Non-traditional metrics and insights that Whip looks at for clients include sentiment insights that help them understand “what audiences want to see and how they feel after watching certain pieces of content” and competitive insights so they can know what rivals are streaming globally “on certain platforms, in certain territories to understand where to better place content to be competitive,” he explained.
Whip is also able to provide predictive insights that help clients “make sense of where content will perform well before it’s released” and custom insights, “getting very granular with the questions you want to go out and ask certain audiences to help influence decisions,” he added.
EIDR’s main benefits
EIDR provides many benefits to Whip. For one thing, EIDR’s universal identifiers help to “eliminate a lot of the costly translations between proprietary ID systems,” Esquibel said.
Looking internally at the systems that M&E organizations have, they all
“have internal IDs” and “when we look to outsource and supply this data to our clients, there’s a lot of different internal ID systems and EIDR really helps to bridge that gap and it reduces costs at the end of the day – time and costs that could be put elsewhere,” he explained.
EIDR also lowers risks of misidentification caused by duplication and lack of ID uniqueness, “improves internal asset tracking,” and “improves the ability to match assets and metadata from different databases,” he said.
And that’s “where the value is for a company like ours,” he noted.
One case study
He pointed to the NBC TV show Debris and the kind of data Whip Media is able to provide about it thanks to EIDR, which Esquibel said “will play an increased role in helping supply all of this data to certain clients.”
After “grabbing” an EIDR ID, “you can connect it to our internal record of Debris, taking a look at all the metadata that we have” for the show “beyond just where it’s airing and the genre” – so also “looking at stuff like tropes and professions and moods and subgenres,” he explained. “We’re able to supply that in certain formats, in a more seamless manner thanks to EIDR,” he noted.
He also showed how Whip is able to show its clients how the show is performing, including what the engagement data around it is, along with the binge rate and audience rating.
“If you’re trying to make sense of content acquisition decisions and licensing and distribution decisions,” you can look to see what else audiences watching Debris are watching as well, he said.
You can also see what the emotional response to the show was among viewers and what countries have a high index of people who are watching the show, he added.
“In every step of the way, the notion of a universal ID cuts down costs and it cuts down time in translation,” he explained, adding: “Beyond that and beyond what information that an organization like Whip currently provides, in this… environment where we’re shifting to having content be transacted on more efficiently, not letting avails go unnoticed, shifting towards an environment like a marketplace, we see an even increased value add and need for something like EIDR.”
Whip has an exclusive partnership with the media and telecom consulting and market research company Business Bureau (BB).
With BB, Whip has been looking into demand for Debris in certain territories on specific platforms and “EIDR is deeply integrated into BB’s process as well,” Esquibel said.

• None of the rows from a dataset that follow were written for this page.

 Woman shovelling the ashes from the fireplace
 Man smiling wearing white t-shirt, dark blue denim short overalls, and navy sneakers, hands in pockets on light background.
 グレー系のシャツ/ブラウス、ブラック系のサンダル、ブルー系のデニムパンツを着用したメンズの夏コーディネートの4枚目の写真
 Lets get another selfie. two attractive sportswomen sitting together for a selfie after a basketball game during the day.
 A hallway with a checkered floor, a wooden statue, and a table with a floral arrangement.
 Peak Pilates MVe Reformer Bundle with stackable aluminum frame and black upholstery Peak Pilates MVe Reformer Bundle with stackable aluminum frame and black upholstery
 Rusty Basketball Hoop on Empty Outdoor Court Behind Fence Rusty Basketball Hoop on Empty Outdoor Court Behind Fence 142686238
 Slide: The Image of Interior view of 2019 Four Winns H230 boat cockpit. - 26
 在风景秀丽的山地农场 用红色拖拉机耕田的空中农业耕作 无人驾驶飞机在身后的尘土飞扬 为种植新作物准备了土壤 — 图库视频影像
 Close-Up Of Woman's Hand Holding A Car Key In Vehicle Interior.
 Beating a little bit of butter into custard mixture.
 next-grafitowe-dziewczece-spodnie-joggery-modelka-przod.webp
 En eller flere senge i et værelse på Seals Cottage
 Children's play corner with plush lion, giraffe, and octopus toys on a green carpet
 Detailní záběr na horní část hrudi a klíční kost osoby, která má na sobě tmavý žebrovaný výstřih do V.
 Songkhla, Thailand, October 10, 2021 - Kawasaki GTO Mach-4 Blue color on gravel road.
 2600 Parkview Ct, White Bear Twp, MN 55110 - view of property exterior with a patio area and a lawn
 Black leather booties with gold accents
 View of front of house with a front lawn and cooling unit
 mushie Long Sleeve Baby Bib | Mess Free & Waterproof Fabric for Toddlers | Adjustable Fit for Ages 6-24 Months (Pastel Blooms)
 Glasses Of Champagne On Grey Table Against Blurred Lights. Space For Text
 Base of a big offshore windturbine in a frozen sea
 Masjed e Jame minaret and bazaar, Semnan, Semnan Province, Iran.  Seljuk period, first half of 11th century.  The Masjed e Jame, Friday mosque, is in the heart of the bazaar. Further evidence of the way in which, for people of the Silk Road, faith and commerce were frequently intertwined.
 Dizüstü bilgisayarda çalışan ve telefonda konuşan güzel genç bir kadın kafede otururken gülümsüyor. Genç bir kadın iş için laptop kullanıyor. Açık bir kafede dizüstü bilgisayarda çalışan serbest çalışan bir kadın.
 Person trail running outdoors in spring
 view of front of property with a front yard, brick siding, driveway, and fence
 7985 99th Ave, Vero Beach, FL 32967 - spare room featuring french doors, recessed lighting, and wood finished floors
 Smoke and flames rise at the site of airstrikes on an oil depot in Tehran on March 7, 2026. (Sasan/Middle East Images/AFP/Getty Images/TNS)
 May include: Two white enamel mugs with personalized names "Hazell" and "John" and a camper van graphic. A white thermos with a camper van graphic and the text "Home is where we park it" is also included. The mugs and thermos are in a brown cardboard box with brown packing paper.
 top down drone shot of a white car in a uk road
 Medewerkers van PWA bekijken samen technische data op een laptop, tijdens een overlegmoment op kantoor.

“Leveraging what” BB has “already done with EIDR, [bringing] it into our systems, combining it with our internal datasets, we’re able to look for content that’s available or not available already in certain territories and platforms, what is the demand, [what] will the travelability look like, what other titles will it perform well next to, what is the engagement and so on,” he explained.
That is “really made a lot easier and cheaper thanks to EIDR and it’s helped with negating mismanagement… and making it so, when we’re eventually providing these insights and transactions… that it’s as accurate and seamless as possible,” he added.
Concluding, he told viewers: “We’re looking to transform the global licensing ecosystem and EIDR is playing a big role in that and will continue to, we believe, play a bigger role in this licensing ecosystem.”